◆ **EXERCISE PROMPT**
Repeat the listing word for word. Leave every picture out.

◆ **DATA BELOW**
-------
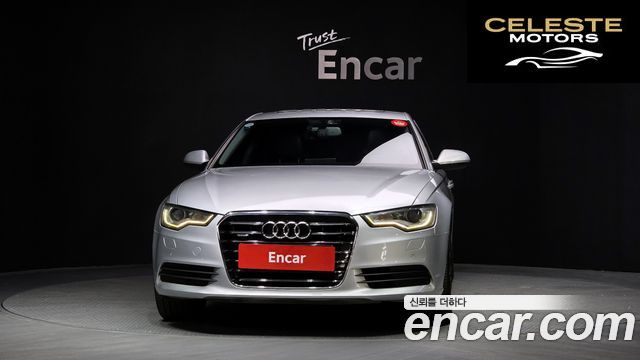 AUDI A6 3.0 TFSI Quattro 2012 — photo 3 sur 20
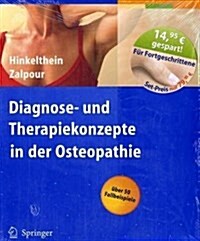 Paket Hinkelthein, Butler: Diagnose- Und Therapiekonzepte in Der Osteopathie - Schmerzen Verstehen (Hardcover, 2. Aufl.)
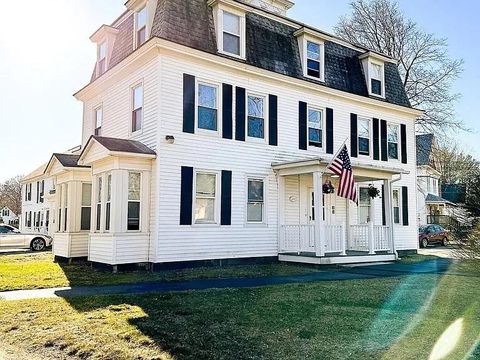 7 Depot Street 8 Merrimack NH 03054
-------
◆ **PROBLEM SOLUTION**
 AUDI A6 3.0 TFSI Quattro 2012 — photo 3 sur 20
 Paket Hinkelthein, Butler: Diagnose- Und Therapiekonzepte in Der Osteopathie - Schmerzen Verstehen (Hardcover, 2. Aufl.)
 7 Depot Street 8 Merrimack NH 03054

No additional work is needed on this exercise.